3DGence announced a high-temperature dissolvable support material.
Support material is the bane of 3D printing, as it is a necessary evil to successfully 3D print many types of geometries. To use it you must consume more material, and add to your post-processing time, sometimes considerably.
One important development over the past two years has been the emergence of widespread use of soluble support material. This support material does not have to be manually picked off the print, which sometimes can damage delicate structures if support is attached.
Instead the raw 3D print is dunked in a liquid, usually water but sometimes other solvents, and the support material passively dissolves without human intervention. Sometimes there are specialized devices that circulate heated liquids to increase the speed of dissolving. But in any case, the 3D printer operator is free to do other work instead of spending potentially hours picking off solid support structures.
The most commonly used support material today is PVA, or polyvinyl alcohol. This material has revolutionized many 3D printing workshops through its ability to simplify operational workflows. It’s now commonly used in many professional dual-extruder 3D printing systems.
However, there’s a huge problem with this material: it has a glass transition temperature of 85C.
This is a big problem if you happen to be 3D printing high-temperature materials in a heated chamber that might be, say, 100C. If that’s the case and you were using PVA as your support material, you’d likely find the PVA drooping significantly and not really supporting anything.
Thus printing high-temperature materials can be a problem unless you have a support material that has a much higher glass transition point.
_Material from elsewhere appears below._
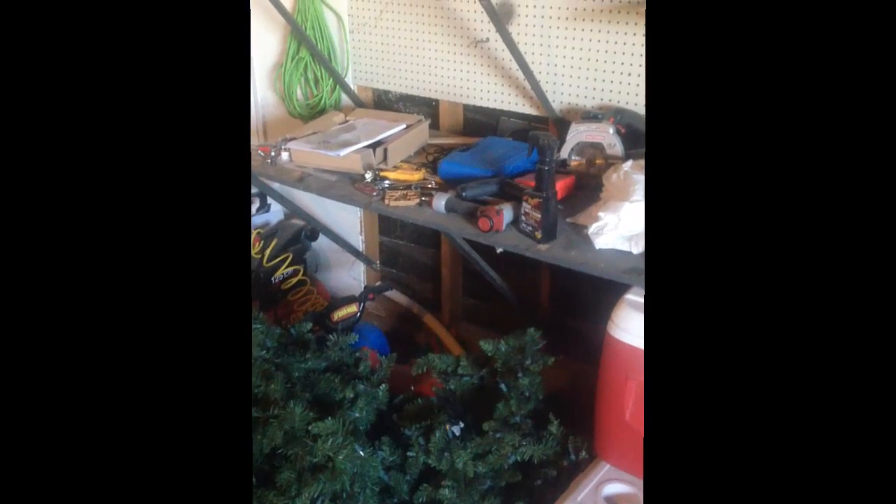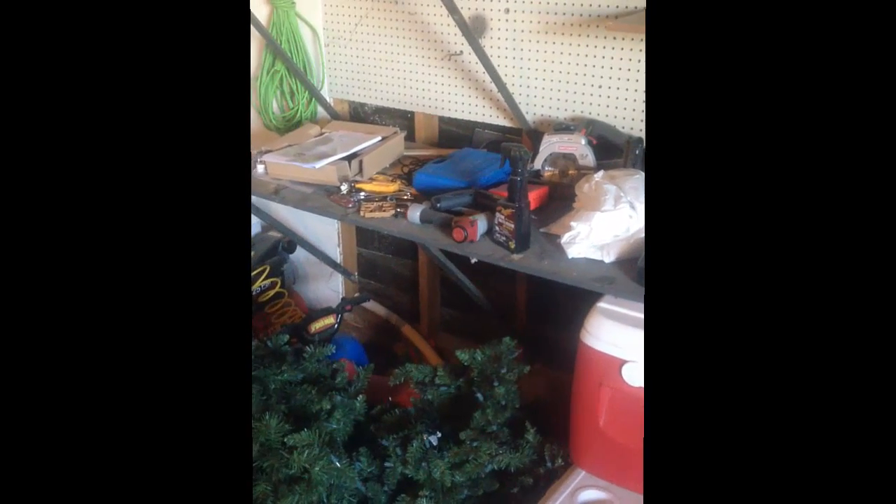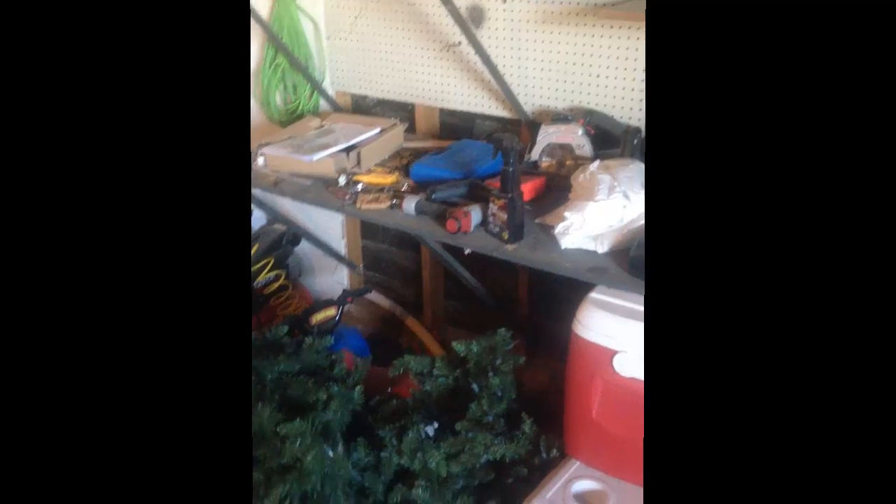Right now I'm doing this video off of my iPhone — I don't have a video camera. But hopefully by the time I start in on my table saw table, I'll have invested in a camera if I'm getting enough views. But for now it's just going to be kind of updates of my progress, just because it's being done off of my iPhone.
And that’s just what Poland-based 3DGence announced.
Their new ESM-10 dissolvable support material is specifically designed for use in high-temperature environments. They say it can ensure the stability of prints “in a heated chamber above 80C”.
ESM-10 is best used in conjunction with 3DGence’s Support Dissolving System, a dedicated device that includes a circulating heated water reservoir. 3DGences explains that you must use a specific chemical solvent mixed with the circulating water to make the ESM-10 dissolve. However, they also say:
“The chemical solution together with the dissolved ESM-10 material can be safely discharged into the sewage system after rinsing.”
So it’s not just plain water used as the solvent here, as is done with PVA. However, that slight complexity is the price to obtain high-temperature dissolvable support material.
3DGence also says:
”ESM-10 does not recrystallize, which may cause dissolution of the material or failure of the hotends.”
This is interesting, as some materials tend to degrade, particularly PVA. This may not be the case with ESM-10, if I’m reading that correctly.
For those using high-temperature materials like PEEK, this material could be of great value.